*Records to use:*

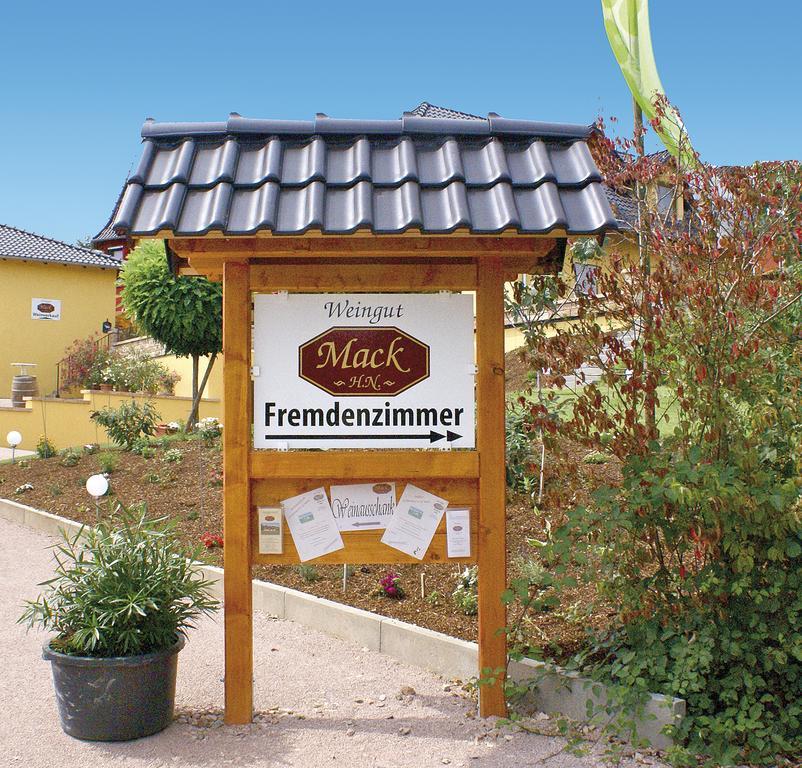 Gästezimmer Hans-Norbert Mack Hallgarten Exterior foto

---

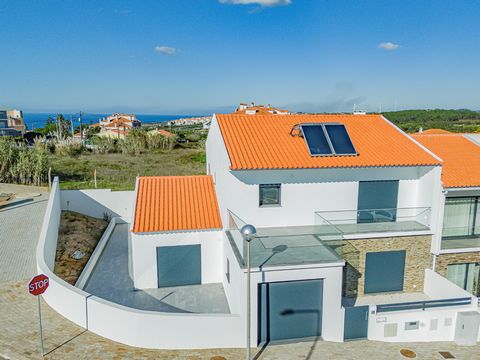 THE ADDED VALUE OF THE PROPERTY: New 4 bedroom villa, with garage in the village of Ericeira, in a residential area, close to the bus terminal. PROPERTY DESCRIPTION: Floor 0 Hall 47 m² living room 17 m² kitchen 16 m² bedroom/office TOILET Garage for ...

--

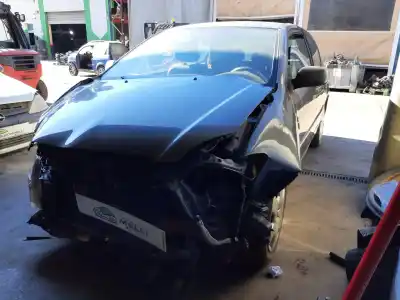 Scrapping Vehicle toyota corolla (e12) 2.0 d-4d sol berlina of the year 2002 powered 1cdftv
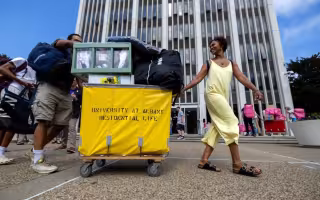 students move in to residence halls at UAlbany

*What to produce:* Look above for the line with "Scrapping Vehicle toyota", then print it and each line after it down to and including the line with "students move in". Leave out the pictures and keep the wording exact.

*Written response:*
 Scrapping Vehicle toyota corolla (e12) 2.0 d-4d sol berlina of the year 2002 powered 1cdftv
 students move in to residence halls at UAlbany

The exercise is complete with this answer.